We expect two factors that may push the yen to further strengthen ahead of schedule. First, the Federal Reserve cut interest rates early, and second, changes in Japanese investors' behavior. So far, we have not observed changes in Japan's domestic investment behavior during the Bank of Japan's tightening cycle - they have been buying foreign assets. However, if this changes, it could lead to a sharp rise in the yen. Finally, we still expect the Bank of Japan's policy interest rate to reach 1% by the end of 2025 and 1.5% by the end of 2026. Inflation data, especially wage data, may allow the Bank of Japan to continue hike interest rates.

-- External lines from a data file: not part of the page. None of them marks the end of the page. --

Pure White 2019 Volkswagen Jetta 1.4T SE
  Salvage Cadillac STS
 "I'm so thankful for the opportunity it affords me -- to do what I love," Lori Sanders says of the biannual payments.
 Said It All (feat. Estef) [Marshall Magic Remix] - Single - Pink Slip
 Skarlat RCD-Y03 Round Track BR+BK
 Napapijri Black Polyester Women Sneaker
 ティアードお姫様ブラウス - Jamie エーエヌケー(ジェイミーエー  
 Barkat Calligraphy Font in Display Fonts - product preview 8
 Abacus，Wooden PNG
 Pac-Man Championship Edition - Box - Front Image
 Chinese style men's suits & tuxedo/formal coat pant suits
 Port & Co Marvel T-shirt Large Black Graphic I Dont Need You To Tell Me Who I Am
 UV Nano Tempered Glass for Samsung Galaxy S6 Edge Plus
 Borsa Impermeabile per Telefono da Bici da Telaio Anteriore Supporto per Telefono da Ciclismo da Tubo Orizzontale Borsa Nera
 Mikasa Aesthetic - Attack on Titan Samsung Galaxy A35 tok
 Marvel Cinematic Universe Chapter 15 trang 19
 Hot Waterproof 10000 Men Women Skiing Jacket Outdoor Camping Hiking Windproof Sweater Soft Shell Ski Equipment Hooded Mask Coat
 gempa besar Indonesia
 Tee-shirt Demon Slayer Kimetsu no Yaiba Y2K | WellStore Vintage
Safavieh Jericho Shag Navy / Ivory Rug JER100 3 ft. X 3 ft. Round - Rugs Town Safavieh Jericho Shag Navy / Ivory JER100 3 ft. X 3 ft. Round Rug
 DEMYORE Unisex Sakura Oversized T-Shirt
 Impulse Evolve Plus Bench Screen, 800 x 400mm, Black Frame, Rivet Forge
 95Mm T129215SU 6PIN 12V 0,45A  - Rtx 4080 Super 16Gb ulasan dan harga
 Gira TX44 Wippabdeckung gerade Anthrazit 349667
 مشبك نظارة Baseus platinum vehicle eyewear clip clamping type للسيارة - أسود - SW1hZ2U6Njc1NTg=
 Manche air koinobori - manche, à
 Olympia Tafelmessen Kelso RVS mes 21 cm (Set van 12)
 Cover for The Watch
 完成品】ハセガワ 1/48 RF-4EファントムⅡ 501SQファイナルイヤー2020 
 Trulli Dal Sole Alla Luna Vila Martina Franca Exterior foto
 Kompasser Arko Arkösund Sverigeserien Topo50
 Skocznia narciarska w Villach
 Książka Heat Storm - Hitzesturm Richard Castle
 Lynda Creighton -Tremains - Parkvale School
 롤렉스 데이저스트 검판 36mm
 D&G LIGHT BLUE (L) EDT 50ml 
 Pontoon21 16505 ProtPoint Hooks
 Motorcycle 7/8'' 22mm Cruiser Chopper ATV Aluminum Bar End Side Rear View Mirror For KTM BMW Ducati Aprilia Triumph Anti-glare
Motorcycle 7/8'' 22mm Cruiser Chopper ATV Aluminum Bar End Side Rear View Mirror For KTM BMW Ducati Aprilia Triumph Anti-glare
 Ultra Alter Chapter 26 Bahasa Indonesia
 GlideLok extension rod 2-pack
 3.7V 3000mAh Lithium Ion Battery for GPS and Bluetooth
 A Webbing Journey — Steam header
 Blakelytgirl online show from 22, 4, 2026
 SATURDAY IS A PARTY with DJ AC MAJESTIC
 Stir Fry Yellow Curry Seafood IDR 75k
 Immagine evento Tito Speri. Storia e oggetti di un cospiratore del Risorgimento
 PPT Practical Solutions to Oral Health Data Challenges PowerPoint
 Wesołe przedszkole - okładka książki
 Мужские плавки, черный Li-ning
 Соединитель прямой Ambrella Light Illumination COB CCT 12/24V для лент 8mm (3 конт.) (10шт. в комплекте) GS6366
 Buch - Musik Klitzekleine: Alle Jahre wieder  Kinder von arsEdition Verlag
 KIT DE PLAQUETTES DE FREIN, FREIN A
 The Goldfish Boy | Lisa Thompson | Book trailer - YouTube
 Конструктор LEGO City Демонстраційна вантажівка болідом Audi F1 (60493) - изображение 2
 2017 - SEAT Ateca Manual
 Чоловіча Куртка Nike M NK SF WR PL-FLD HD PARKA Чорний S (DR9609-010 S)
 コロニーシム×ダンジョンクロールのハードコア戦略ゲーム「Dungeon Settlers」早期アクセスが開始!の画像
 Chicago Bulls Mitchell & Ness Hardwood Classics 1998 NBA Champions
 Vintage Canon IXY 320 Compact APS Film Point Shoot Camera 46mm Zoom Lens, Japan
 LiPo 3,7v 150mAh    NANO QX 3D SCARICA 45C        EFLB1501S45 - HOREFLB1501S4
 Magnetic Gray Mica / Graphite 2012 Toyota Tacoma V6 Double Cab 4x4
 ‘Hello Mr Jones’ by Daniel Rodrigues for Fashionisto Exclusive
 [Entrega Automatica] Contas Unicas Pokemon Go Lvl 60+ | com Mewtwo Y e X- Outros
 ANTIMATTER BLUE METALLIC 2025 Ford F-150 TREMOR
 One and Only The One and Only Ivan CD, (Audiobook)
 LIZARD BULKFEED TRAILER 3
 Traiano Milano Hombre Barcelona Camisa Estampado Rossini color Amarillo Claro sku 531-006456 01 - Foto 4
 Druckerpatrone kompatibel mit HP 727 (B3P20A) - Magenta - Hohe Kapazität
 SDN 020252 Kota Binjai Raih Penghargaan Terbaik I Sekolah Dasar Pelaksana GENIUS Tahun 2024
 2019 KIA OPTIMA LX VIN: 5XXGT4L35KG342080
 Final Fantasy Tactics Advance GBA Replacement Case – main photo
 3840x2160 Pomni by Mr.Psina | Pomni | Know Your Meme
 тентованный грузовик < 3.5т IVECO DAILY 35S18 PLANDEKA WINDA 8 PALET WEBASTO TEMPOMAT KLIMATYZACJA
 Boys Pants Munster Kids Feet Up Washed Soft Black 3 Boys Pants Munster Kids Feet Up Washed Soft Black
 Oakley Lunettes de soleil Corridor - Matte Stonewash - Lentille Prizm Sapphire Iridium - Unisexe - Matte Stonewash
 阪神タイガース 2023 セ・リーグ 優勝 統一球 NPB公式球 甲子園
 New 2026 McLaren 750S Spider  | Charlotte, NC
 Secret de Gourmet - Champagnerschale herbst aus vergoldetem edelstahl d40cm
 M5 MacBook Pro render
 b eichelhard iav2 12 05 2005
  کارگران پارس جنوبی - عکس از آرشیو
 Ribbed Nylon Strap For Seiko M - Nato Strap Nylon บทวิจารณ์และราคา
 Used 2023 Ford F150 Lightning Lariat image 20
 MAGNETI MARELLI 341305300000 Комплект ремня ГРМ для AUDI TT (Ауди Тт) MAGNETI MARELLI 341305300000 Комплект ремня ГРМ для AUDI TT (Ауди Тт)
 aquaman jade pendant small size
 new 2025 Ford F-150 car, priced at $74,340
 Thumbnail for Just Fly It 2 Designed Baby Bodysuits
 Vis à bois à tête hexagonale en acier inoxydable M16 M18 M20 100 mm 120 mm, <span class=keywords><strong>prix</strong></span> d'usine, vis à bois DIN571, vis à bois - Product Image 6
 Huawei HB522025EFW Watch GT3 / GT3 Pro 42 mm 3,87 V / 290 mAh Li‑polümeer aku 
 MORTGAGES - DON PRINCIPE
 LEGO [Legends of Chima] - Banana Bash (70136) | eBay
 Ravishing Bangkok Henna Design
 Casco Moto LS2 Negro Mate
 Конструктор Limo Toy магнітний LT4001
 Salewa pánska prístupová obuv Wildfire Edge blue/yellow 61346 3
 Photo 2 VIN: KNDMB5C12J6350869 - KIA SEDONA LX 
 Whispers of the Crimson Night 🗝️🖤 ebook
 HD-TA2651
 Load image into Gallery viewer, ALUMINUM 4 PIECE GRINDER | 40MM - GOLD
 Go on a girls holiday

Goldman Sachs looks forward to how the ECB responds to the tariff shock: maintaining the X-month rate cut expectations
Last week, ECB President Lagarde quoted the ECB's forecast that if the EU takes retaliatory tariff measures, 25% of the U.S. tariffs will cause the eurozone's real GDP to fall by 0.5% in the first year and inflation to rise by 0.5%. How should the ECB respond in this situation? We believe that unless the U.S. tariffs lead to a second round of inflation effect, the ECB should cut interest rates in response to U.S. tariffs. Recent long-term inflation expectations and wage dynamics are almost free from worrying about the potential for a strong second round of effects on tariffs.
The avatradescn.comprehensive measures of inflation expectations have weakened in recent months and appear to be performing well near the target level. Salary indicators also cooled significantly, and nominal salary growth is expected to slow to 3% next yearthe following. These dynamics are in sharp contrast to 2022, when inflation expectations and wage growth were rising rapidly, and the energy shock triggered a huge second round of effects, forcing the ECB to quickly raise interest rates amid weak economic growth.
All in all, it may be appropriate for the ECB to cut interest rates in response to tariffs, strengthening the ECB’s reasons for the ECB’s April rate cut. Therefore, we maintain our forecast for a rate cut in April, followed by the last rate cut to 2% in June.